The article added that TLC also offered to cover a number of additional expenses for the family, including a driver and bodyguard.
The site also reports that the network wanted to help the clan relocate to a larger and more secure home, but June declined the offer as she likes to decorate the property over the holidays for the local community
The show has proven to be a major star for network, bringing in an average 2.4 million viewers per episode in its debut season, even beating out the Democratic and Republican conventions in ratings.
TLC gave Alana her own show after she famously appeared on "Toddlers and Tiaras."

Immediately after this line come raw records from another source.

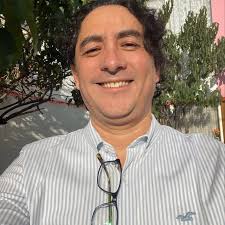 Líneas de trenes de pasajeros en Estados Unidos (arriba) vs Europa (abajo).  Europa cuenta con una de las redes ferroviarias más extensas, modernas y  eficientes del mundo. Países como Francia, Alemania, España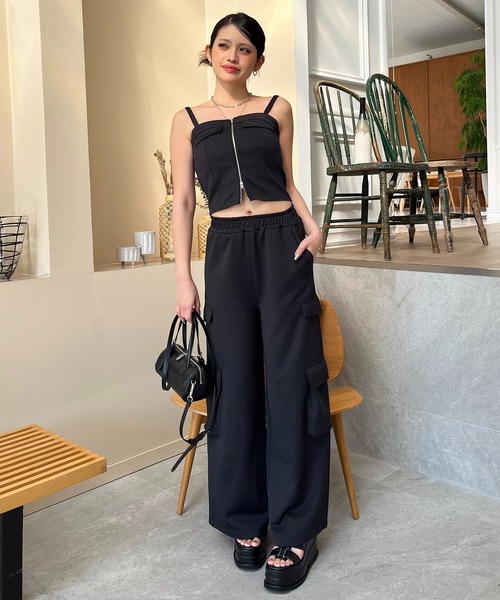 SPIRALGIRL(スパイラルガール)の「ダブルZIPキャミパンツセットアップ(セットアップ・レディース・グレー/ブラック/ベージュ・FREE)」の8枚目の写真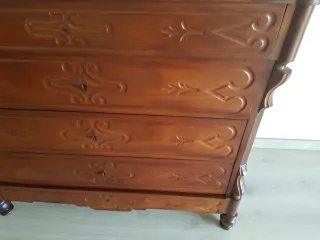 Antigua cómoda catalana isabelina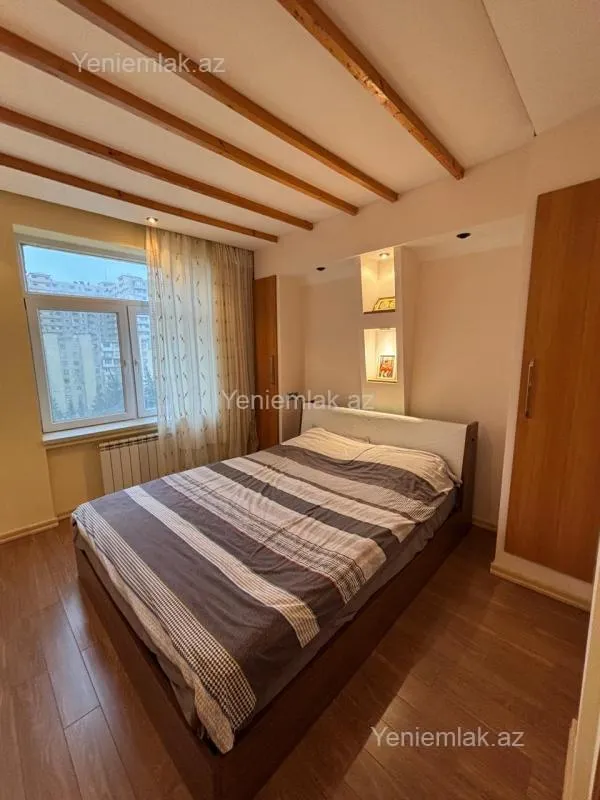 Satılır 4 otaqlı köhnə tikili 110 m²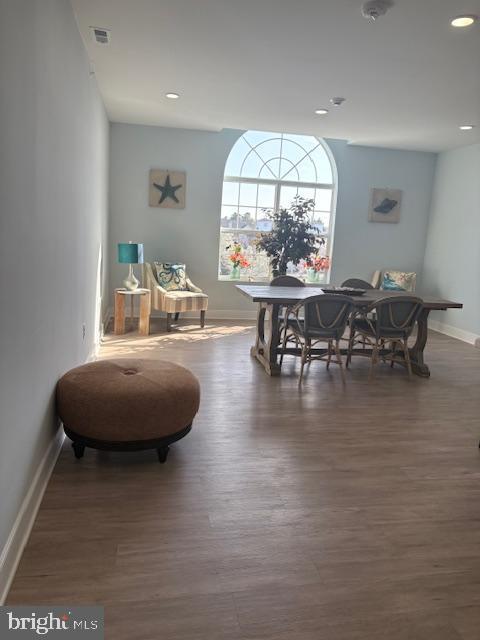 30609 Cedar Neck Rd Unit 3109, Ocean View, DE 19970 - dining space featuring baseboards, visible vents, wood finished floors, and recessed lighting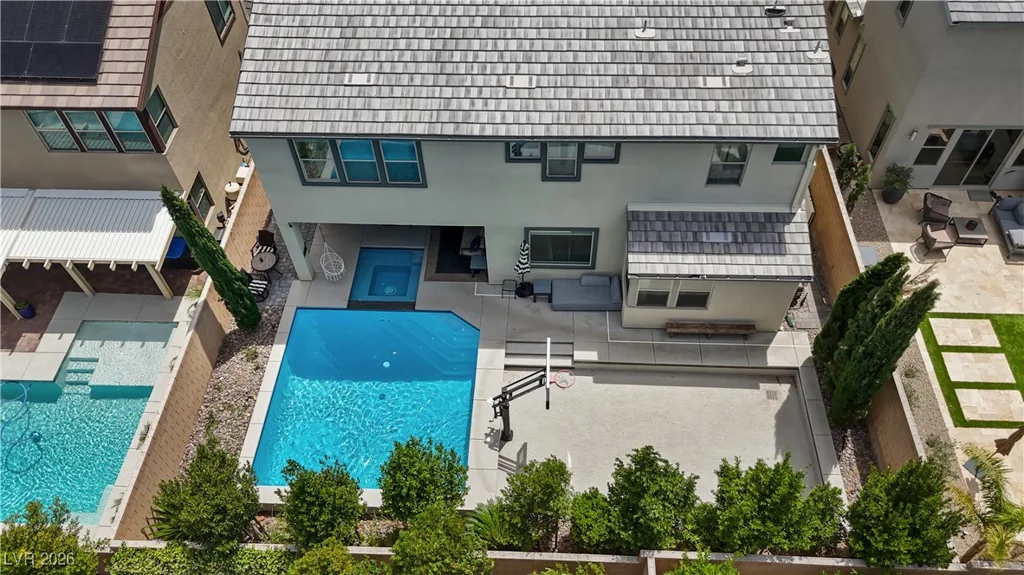 9710 Hiking, Las Vegas, NV 89166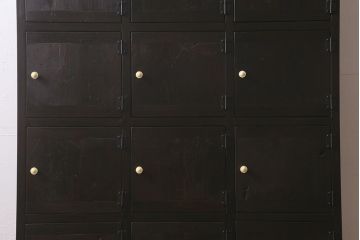 ラフジュ工房オリジナル　6×3マス　古材リメイク　モミの木　白い取っ手がアクセントのマス目棚(収納棚、下駄箱)(R-043253)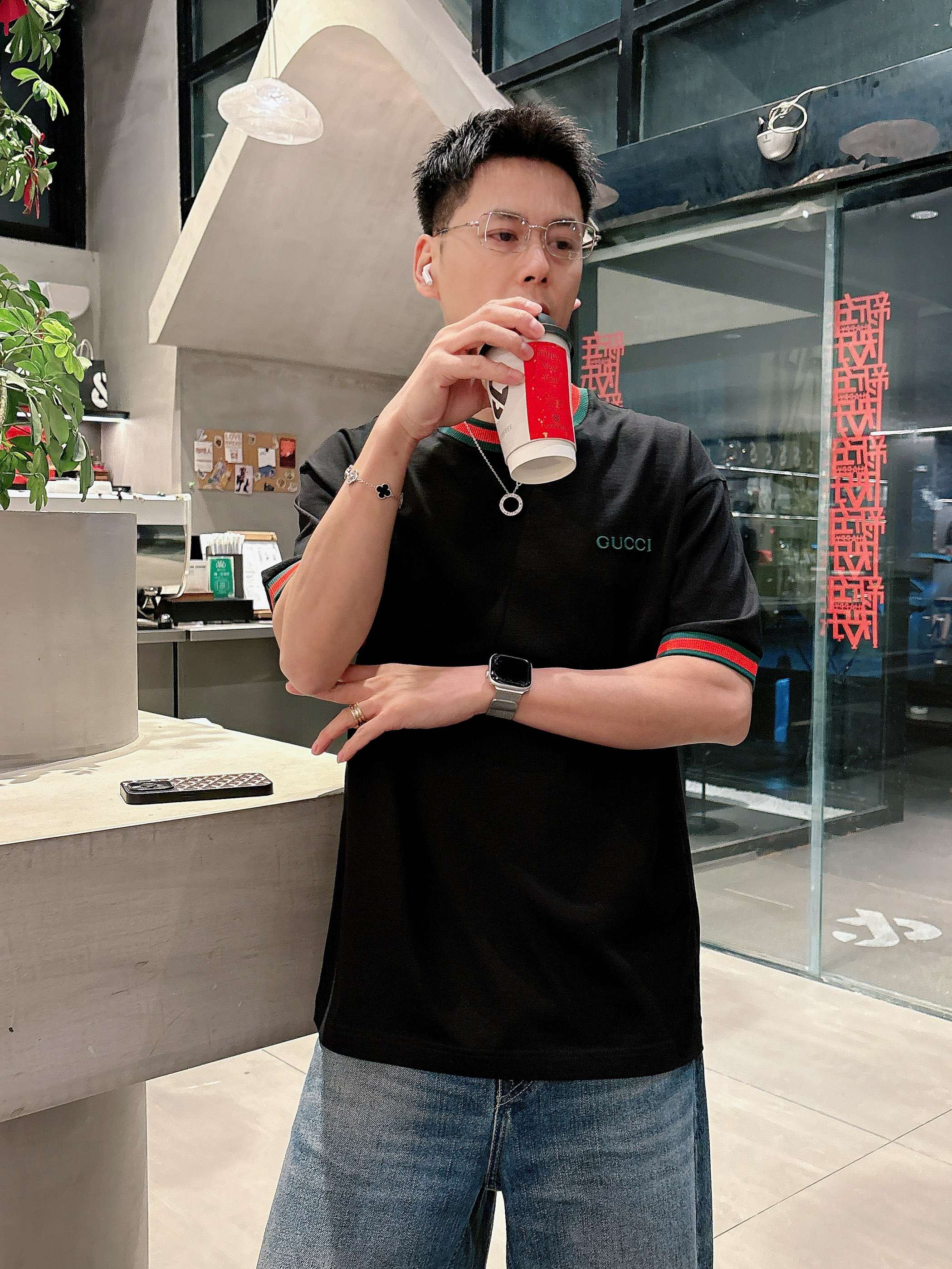 【 古驰 2026春夏 · 高阶定制T恤】🔹 核心面料：秘鲁进口匹马棉 × 顶级丝光工艺🔹 核心体感：蚕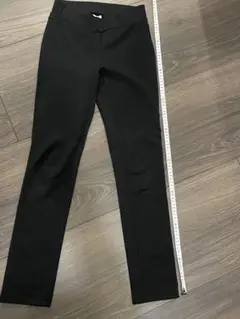 美品★PLST プラステ　ストレッチパンツ　レギンス　ブラック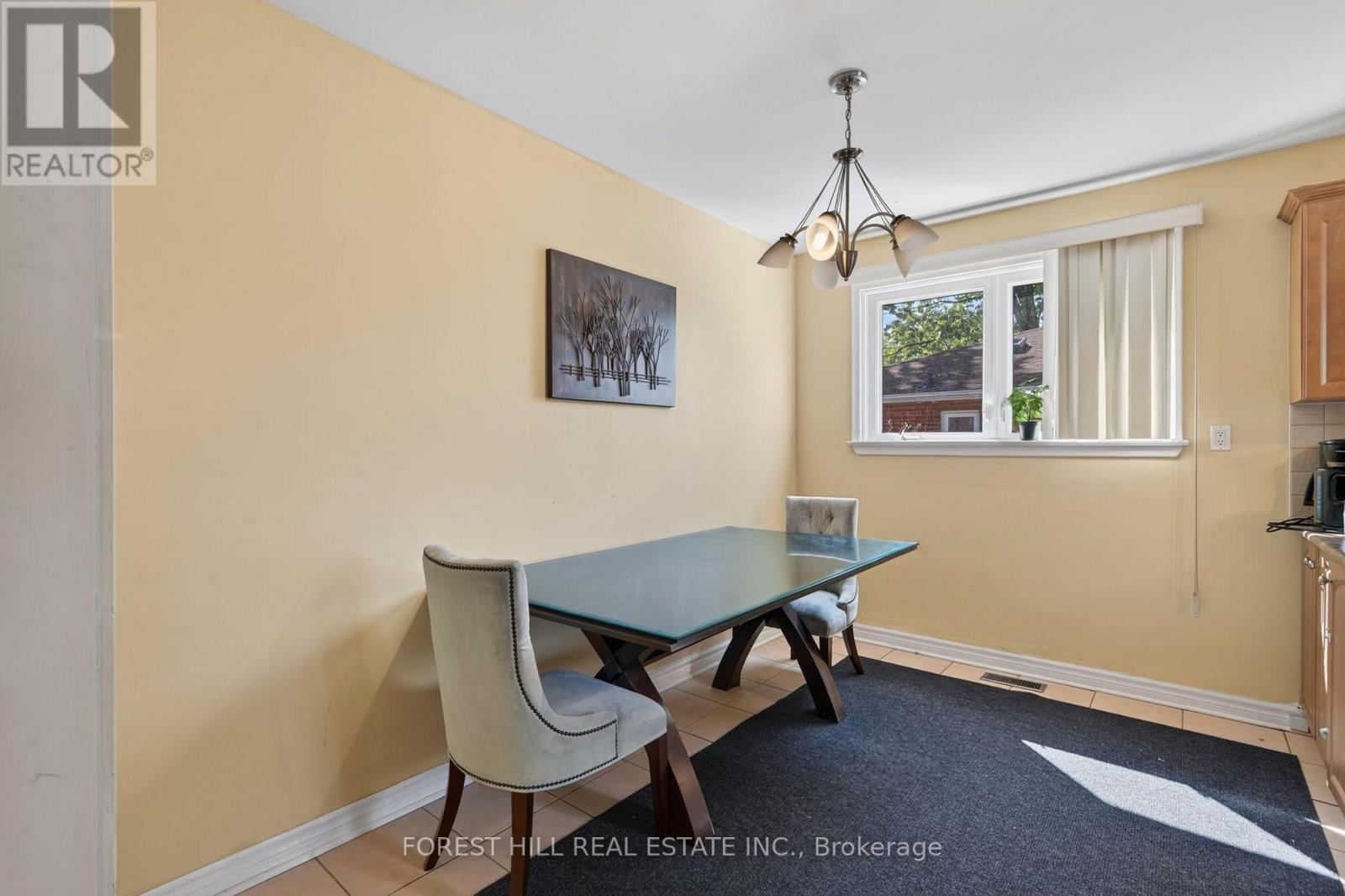 361 Blue Grass Boulevard, Richmond Hill, Ontario  L4C 3H3 - Photo 12 - N13699270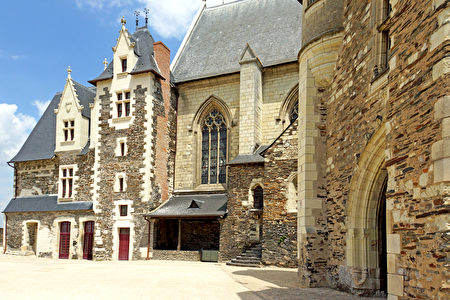 王室寓所（Le Logis royal）及禮拜堂（la chapelle）面對領主內院的一面（維基百科公共領域）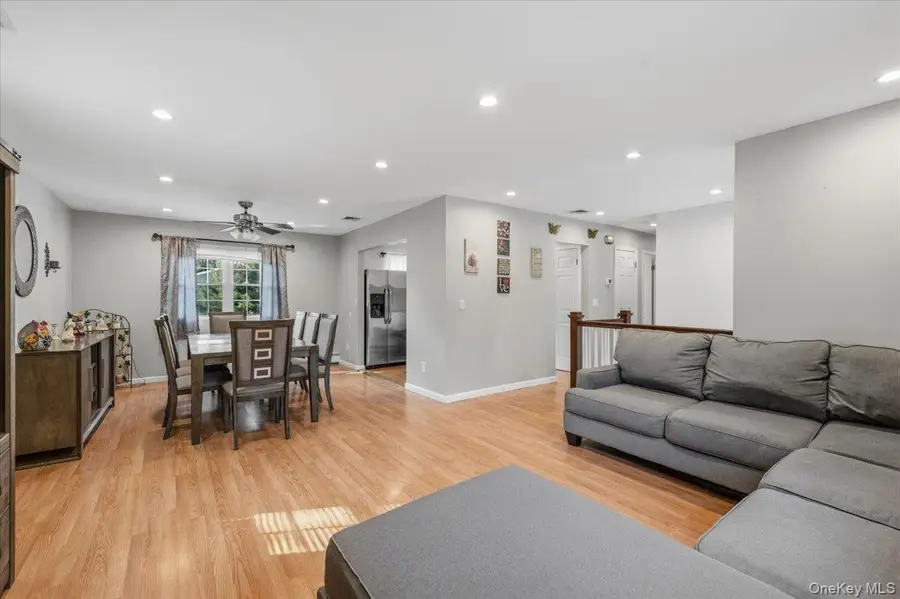 17 Nottingham Drive, Wheatley Heights, NY 11798 - #3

The Daily Mail also reported that in response to the show's success, TLC has ordered three "HOLLAday" specials for Halloween, Thanksgiving and Christmas.
Despite the show's success, critics have not been kind to the Georgia family.
"Some people watch because they are entertained by the spectacle of it, apparently without realizing how awful and soul-crushing it is. Others -- let's say this is you -- watch it because you get the wink-wink that TLC is giving the country and other people like you. It's the green light to laugh at rednecks and fat people, which is how Honey Boo Boo's mother, June, aka Mama, readily describes the family," said Tim Goodman of the Hollywood Reporter.
"Every post, every newspaper article decrying the show as the latest bit of evidence that the fall of the American empire really was at hand, seems to simply send the show's ratings soaring ever higher," said Forbes's Helaine Olen.